Other books he's authored
In 2001 Schles released the The Geometry of Innocence (Hatje Cantz, 2001), a thirteen-year photographic odyssey about the world we've created, where illusion and promise doesn't always live up to the difficult realities our fragmented consumerist society has spawned. Released in New York two weeks after the September 11th attacks on the World Trade Center, The Geometry of Innocence is a prescient look at a declining American landscape.

A New History of Photography: The World Outside and the Pictures In Our Heads (White Press, 2007), is an experiment in the history of photography where Schles examines his photographs and recognizes within it a slew of antecedents and influences. A finalist for the 2009 Les Rencontres d'Arles Photographie Contemporary Book Award, selected by Photo-Eye and 5B4 as a best book of the year and selected by Claxton Projects as one of the most significant American photobooks published between 2003 and 2012.

Ken Schles' fourth title, Oculus (Noorderlicht, 2011), is a philosophical exploration of memory and perception, a poetic pilgrimage that thoughtfully weaves its analysis of how images influence and define our understanding of that around us. Like Schles' previous titles, Oculus is a demanding, personal and beautifully emotive work that not only compels multiple visits, but also leaves lingering questions. A Photo-Eye photobook of the year.

Writing on the ecology of the image, his essays have appeared in Vision Anew (University of California Press, 2015), The Photographer's Playbook (Aperture, 2014) and Publish Your Photography Book (Princeton Architectural Press, 2014). He's been the foreign correspondent for the discontinued FOAM blog, and a guest blogger for other sites. He writes occasional original essays for his own blog (Seeing images, seeing things) and for his own published works.

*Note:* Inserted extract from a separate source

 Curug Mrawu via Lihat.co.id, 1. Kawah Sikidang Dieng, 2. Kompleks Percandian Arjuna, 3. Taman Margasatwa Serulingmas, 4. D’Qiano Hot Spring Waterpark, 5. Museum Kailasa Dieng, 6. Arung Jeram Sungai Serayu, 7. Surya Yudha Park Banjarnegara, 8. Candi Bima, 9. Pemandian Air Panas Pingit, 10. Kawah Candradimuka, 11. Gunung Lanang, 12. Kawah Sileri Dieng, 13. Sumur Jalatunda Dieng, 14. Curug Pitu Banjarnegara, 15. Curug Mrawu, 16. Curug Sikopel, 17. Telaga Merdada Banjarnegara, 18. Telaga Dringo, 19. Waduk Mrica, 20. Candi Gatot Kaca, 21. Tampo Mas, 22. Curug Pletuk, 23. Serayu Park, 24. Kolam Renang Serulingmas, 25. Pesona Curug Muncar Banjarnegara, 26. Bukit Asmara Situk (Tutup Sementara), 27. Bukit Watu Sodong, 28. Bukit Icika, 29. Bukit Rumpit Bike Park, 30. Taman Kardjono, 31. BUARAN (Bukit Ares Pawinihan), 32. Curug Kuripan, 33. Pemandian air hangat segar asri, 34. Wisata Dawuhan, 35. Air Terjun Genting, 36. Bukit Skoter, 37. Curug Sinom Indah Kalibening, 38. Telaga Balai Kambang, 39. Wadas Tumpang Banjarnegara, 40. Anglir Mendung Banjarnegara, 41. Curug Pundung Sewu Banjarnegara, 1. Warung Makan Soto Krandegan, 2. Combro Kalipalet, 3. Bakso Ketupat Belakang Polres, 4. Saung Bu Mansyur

His editorial work has appeared internationally, from The New York Times Magazine in the US to the FAZ in Germany. He's had six covers of Newsweek and worked for dozens of magazines throughout his career. He was the first photographer commissioned by The New Yorker, taking a portrait of the playwright Tony Kushner in 1992. During the 1990s he worked with recording artists on nearly 100 CD packages, most notably Billy Bragg and Wilco, Green Day, Alicia Keys, Rufus Wainwright, Rod Stewart, Natalie Merchant and The Wallflowers. Click here for a thorough client list.

A New York Foundation for the Arts Fellow, Ken Schles has organized and mounted over 18 solo exhibitions and appeared in over three dozen group shows in over a dozen countries. His work is included in nearly two-dozen museum collections throughout the world including The Museum of Modern Art and The Metropolitan Museum of Art in New York and The Rijksmuseum in The Netherlands.

He currently lives in his solar powered 19th century Brownstone, where he raises a family along with his wife, a New York City public elementary school principal.